In the Dynamo paper, the concept of hinted handoff describes a mechanism for dealing with writes that fail because the target node is unavailable. Other nodes often store the data temporarily, and when the downed node returns to the cluster, it begins to receive the data it should have received during the original writes.
In any deployment of even moderate size, resource failure will happen, and Dynamo-inspired systems were designed with this in mind. Cloudant did not escape this reality, and we have what we believe is an elegant solution. Leveraging the replication capabilities of CouchDB, on which Adam Kocoloski has worked diligently to improve, we were able to achieve a highly reliable and fast hinted handoff mechanism.
Each partition in a Cloudant cluster is housed on N partner nodes. These ‘shards’ are individual CouchDB storage files, and should contain the exact same documents on all nodes responsible for that partition. When one of the nodes is down, writes fail locally, but go to the other partner shards, as expected. Our solution enables internal partner node replication. That is, each shard establishes continuous bi-directional replication with the same shards on the other partner nodes. When the downed node returns to the cluster, replication to fill in the missing data begins instantly. Our solution also has the ability to throttle this ‘catch-up’ replication so we do not flood the newly returned node. This throttling allows us to minimize the impact upon the current operations of the node or entire cluster, if necessary.

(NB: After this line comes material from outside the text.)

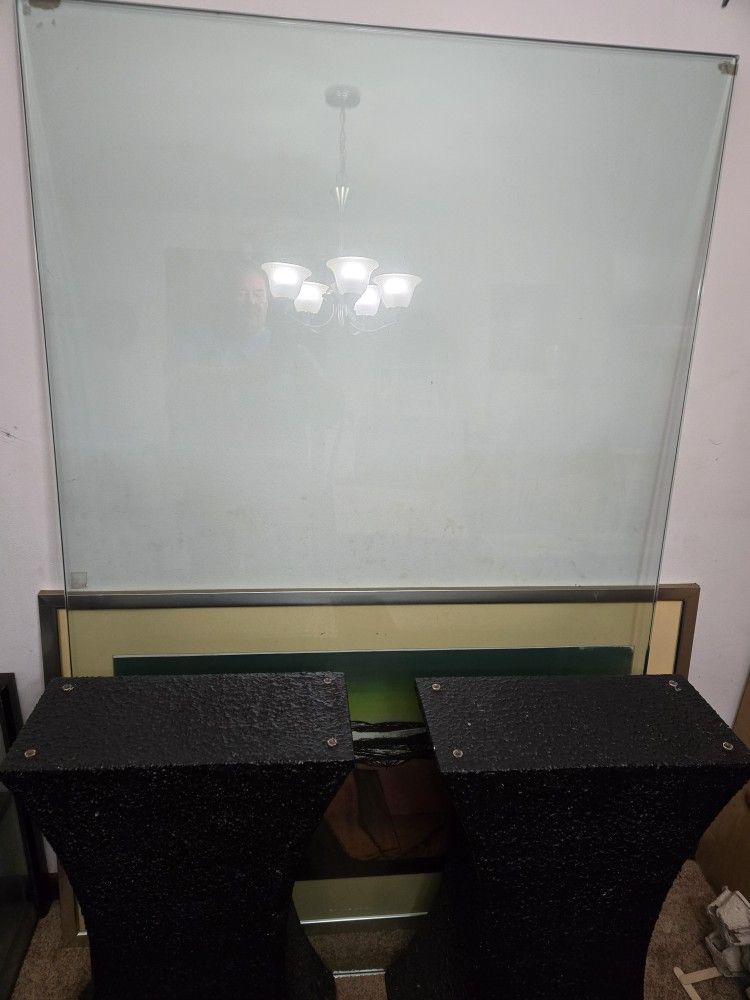 Glass Dining Room Table Set/chairs, chair covers.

So, is this true hinted handoff? Maybe not, according the Dynamo purists out there. But there are buckets on other nodes that are temporarily holding data for a node while it takes a brief vacation. Also, those buckets are used for valid reads, even if they don’t count toward the read quorum, R. It’s pretty close to the full spirit of hinted handoff, it works for all but the most strenuous of outages, and we’re happy to offer it with our 0.9.0 release.